Ticksby RNE submissions on 06/13/18
By Joanna Mechlinski
The very idea of summer goes hand in hand with fun for most people. But unfortunately, as with any other time of year, the season poses some potentially serious health hazards – including ticks.
Most people understand that ticks cause Lyme disease. But the fact is, ticks are actually responsible for numerous other diseases, depending on the type of tick. Many of them are quite rare. One of them is Powassan virus, which causes encephalitis and meningitis. About 10% of those with the virus die; about 50% of survivors are left with permanent neurological damage. Other tick-borne diseases include Rocky Mountain spotted fever, which often presents with a rash and can lead to amputation of arms, legs, fingers or toes in serious cases due to blood vessel damage; Anaplasmosis, transmitted by the black-legged tick and leading to vague symptoms such as fever, chills, malaise and muscle aches, which may be easily confused with a variety of other diseases.

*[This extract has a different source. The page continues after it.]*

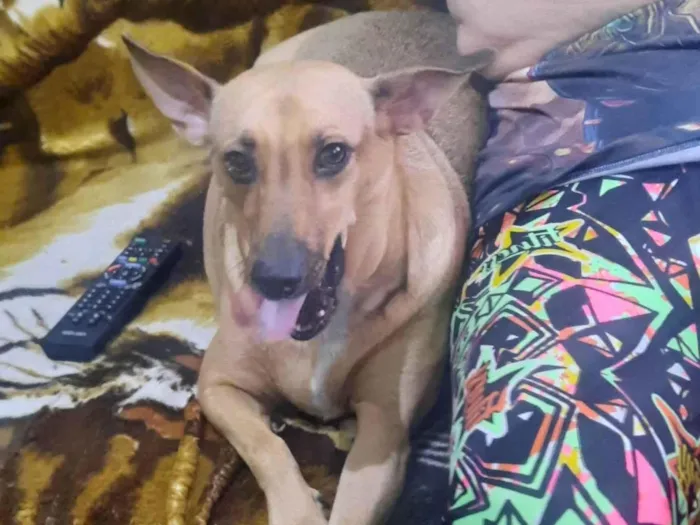 Cachorro ra a SRD-ViraLata idade 1 ano nome Nina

It’s even possible to succumb to a type of paralysis caused by a toxin in tick saliva. According to the CDC, tick paralysis generally strikes children or the elderly, starting in the lower body and moving upwards. While symptoms usually subside within 24 hours of tick removal, due to the way many symptoms can mimic other diseases, it can be difficult for medical professionals to realize that a tick is responsible in the first place.
What’s more, the Centers for Disease Control (CDC) has found that climate change caused the number of causes to double between 2004 and 2016, especially in the Northeast and northern Midwest. (In fact, when also classified with diseases spread by mosquito and flea, the entire group of cases topped 640,000 – triple the number prior to 2004). But given that people travel, those who live outside the target areas should be just as vigilant.
So what can a person do? As with many other things in life, prevention is always best. It’s recommended that people spending time outdoors cover up, wear light colors, use repellant, conduct a thorough search of their bodies for ticks and once returning home.